Perhaps unsurprisingly, Executive Chairman of Google Eric Schmidt has said Android is more secure than iOS. He made the claim at the Gartner Symposium/ITxpo, which apparently elicited laughs from the audience.
Why does Schmidt think Android is more secure than iOS? He didn’t give a direct answer. He pointed out it has over a billion users, that Android will be around for a long time and has a huge amount of real-world security testing.
But is it really more secure? The Google Play Store, as we saw with the stalled launch of BlackBerry Messenger, has lots of misleading or unofficial apps designed to take advantage of unwary users. While there is plenty of rubbish on the App Store too, Apple’s more rigorous system for allowing apps
on their store means it’s more or less impossible for malware to get in.
Security holes were found in iOS 7 when it was launched, although Apple has an advantage in that it can roll out fixes to all devices without relying on mobile network carriers.
Schmidt’s point about Android’s user base is surprising. On desktop PCs, you find much more Windows viruses and attacks simply because it has a bigger user base. From a malicious point of view, if you want to cause disruption to the most people, you would target the most popular platform.
Our Lead Mobile Expert James Thornton says,
‘there are far more threats for Android devices than a closed platform like iOS. That’s not to say the platform itself is more or less secure, it’s just that there’s far more malware written for Android (much like Windows vs OS X).
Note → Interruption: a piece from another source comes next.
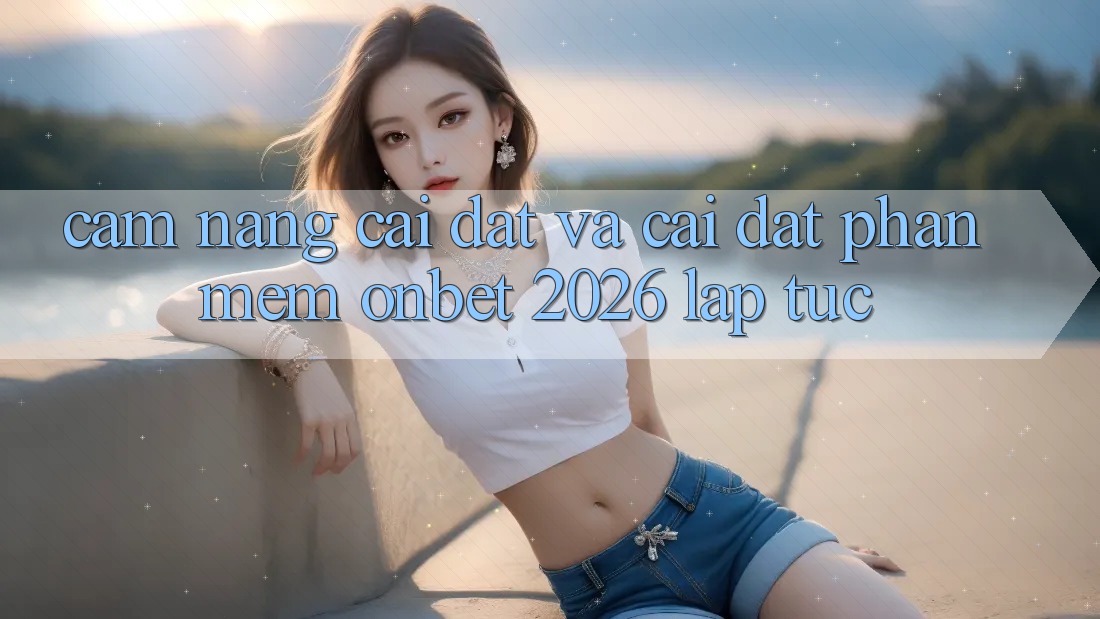 Cẩm nang Cài đặt Và Cài Đặt Phần mềm Onbet 2026 Lập tức Cẩm nang Cài đặt Và Cài Đặt Phần mềm Onbet 2026 Lập tức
If users are careful and wise though, they can minimize this threat.’
The fraction of Android apps that are able to attempt to evade Android’s security is tiny on devices that use Google Play Services. Most malware on Android comes from apps downloaded outside of Google Play, and side-loaded onto devices.
Side-loading on Android, like jailbreaking iOS is altogether riskier than using the official stores, but that it’s easier on Android means more users are likely to try.